I'd like to pass templated functions around as if they were generic lambdas, however this does not work.
#include <iostream>
#include <vector>
#include <tuple>
#include <string>
#include <utility>
// for_each with std::tuple
// (from https://stackoverflow.com/a/6894436/1583122)
template<std::size_t I = 0, typename FuncT, typename... Tp>
inline typename std::enable_if<I == sizeof...(Tp), void>::type
for_each(std::tuple<Tp...> &, FuncT)
{}
template<std::size_t I = 0, typename FuncT, typename... Tp>
inline typename std::enable_if<I < sizeof...(Tp), void>::type
for_each(std::tuple<Tp...>& t, FuncT f) {
f(std::get<I>(t));
for_each<I + 1, FuncT, Tp...>(t, f);
}
// my code
template<class T> auto
print(const std::vector<T>& v) -> void {
for (const auto& e : v) {
std::cout << e << "\t";
}
}
struct print_wrapper {
template<class T>
auto operator()(const std::vector<T>& v) {
print(v);
}
};
auto print_gen_lambda = [](const auto& v){ print(v); };
auto print_gen_lambda_2 = []<class T>(const std::vector<T>& v){ print(v); }; // proposal P0428R1, gcc extension in c++14/c++17
int main() {
std::tuple<std::vector<int>,std::vector<double>,std::vector<std::string>> t = { {42,43},{3.14,2.7},{"Hello","World"}};
for_each(t, print); // case 1: error: template argument deduction/substitution failed: couldn't deduce template parameter 'FuncT'
for_each(t, print_wrapper()); // case 2: ok
for_each(t, print_gen_lambda); // case 3: ok
for_each(t, print_gen_lambda_2); // case 4: ok
}
Note that case 2 and 4 are strictly equivalent. Case 3 is more general but unconstrained (this is a problem for me). I think that case 1 should be treated equivalently to cases 2 and 4 by the language, however this is not the case.
- Is there a proposal to implicitly convert a template function to a generic constrained lambda (case 2/4)?
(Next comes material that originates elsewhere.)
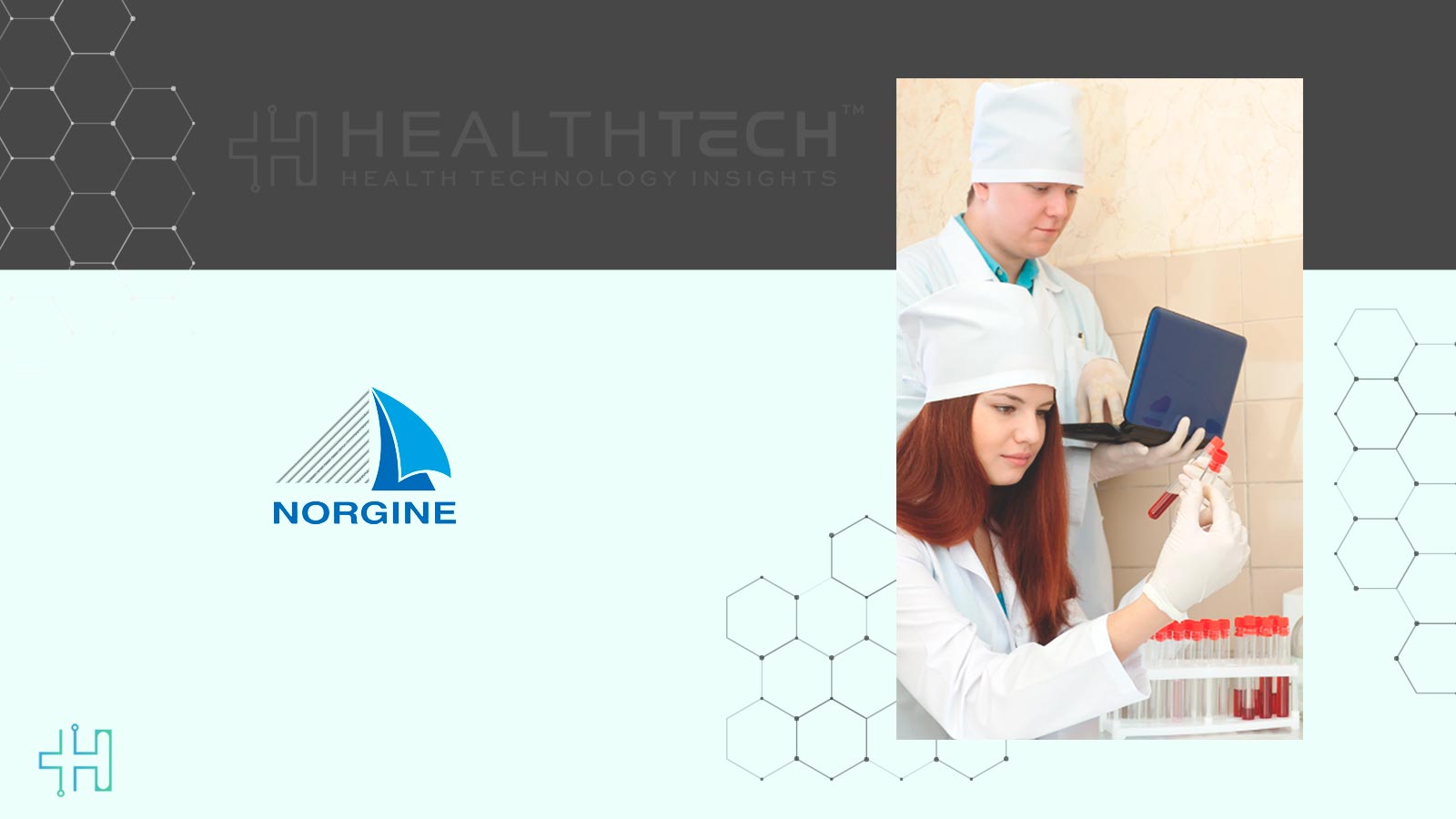 Norgine Expands Liver and Specialty Portfolio With Vir Biotechnology In-Licensing Agreement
If no, is there a fundamental language reason that prevents from doing so?
- As of now, I have to use case 2, which is quite cumbersome.
- case 4: not c++14-compliant, even if should be standard in c++20, and still not perfect (verbose since you create a lambda that fundamentally does not add any information).
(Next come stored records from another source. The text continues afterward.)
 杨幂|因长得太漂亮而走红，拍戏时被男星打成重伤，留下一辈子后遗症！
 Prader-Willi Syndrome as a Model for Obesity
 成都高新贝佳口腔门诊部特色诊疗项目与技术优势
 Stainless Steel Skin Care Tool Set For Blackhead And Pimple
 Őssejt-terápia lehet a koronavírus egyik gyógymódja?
- case 3: is unconstrained, but I rely (not shown here) on substitution failure for calls to "print" with non-"vector" arguments (P0428R1 mentions this problem). So I guess the subsidiary question is "Can I constrain a generic lambda with some enable_if tricks?"
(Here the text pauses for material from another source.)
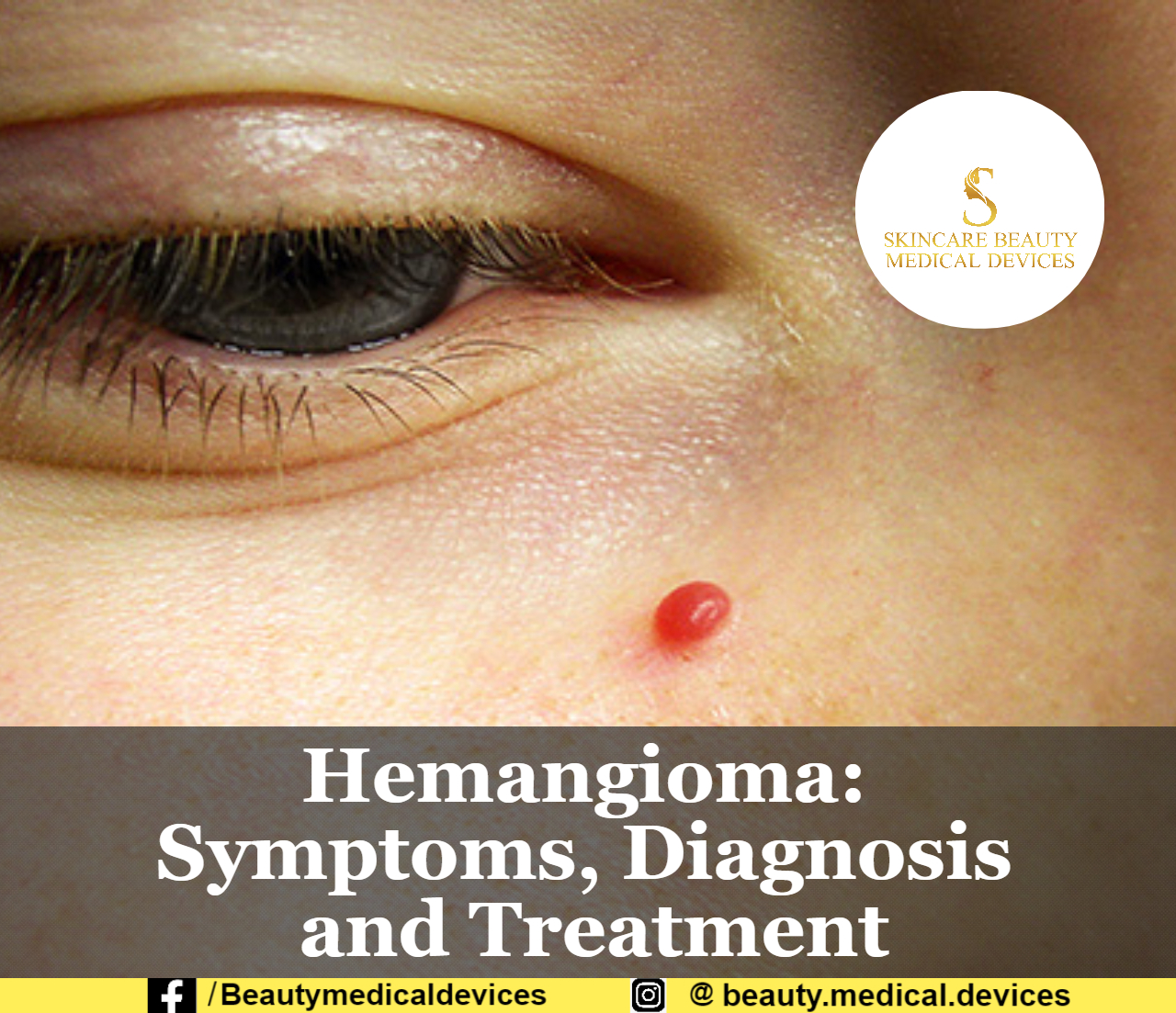 Hemangioma Symptoms, Diagnosis and Treatment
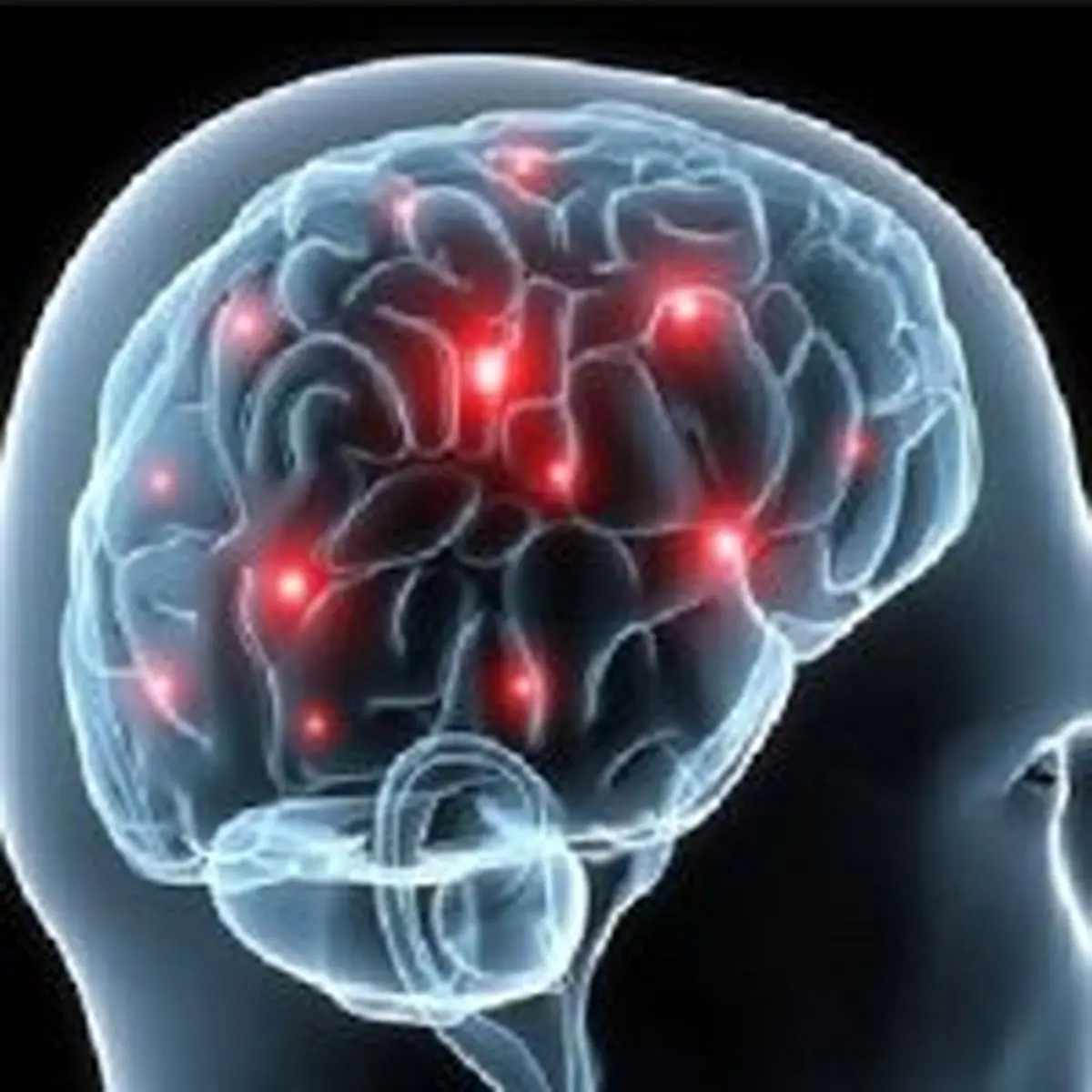 درمان افسردگی با تحریک فراجمجمه‌ای مغز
Is there, in C++14/17/20, a very terse manner to enable the conversion from case 1 to case 2? I am even open to macro hacks.
Is there, in C++14/17/20, a very terse manner to enable the conversion from case 1 to case 2? I am even open to macro hacks.
Yes.
// C++ requires you to type out the same function body three times to obtain
// SFINAE-friendliness and noexcept-correctness. That's unacceptable.
#define RETURNS(...) noexcept(noexcept(__VA_ARGS__)) \
-> decltype(__VA_ARGS__){ return __VA_ARGS__; }
// The name of overload sets can be legally used as part of a function call -
// we can use a macro to create a lambda for us that "lifts" the overload set
// into a function object.
#define LIFT(f) [](auto&&... xs) RETURNS(f(::std::forward<decltype(xs)>(xs)...))
You can then say:
for_each(t, LIFT(print));
Is there a proposal to implicitly convert a template function to a generic constrained lambda?
Can I constrain a generic lambda with some enable_if tricks?
If all what you want is to constrain the types of the parameters of your generic lambda, you can do that with a couple of function declarations (no definition required) and a static_assert (so that you get a graceful message error at compile-time in case of failure). No macro at all around (they are so C-ish).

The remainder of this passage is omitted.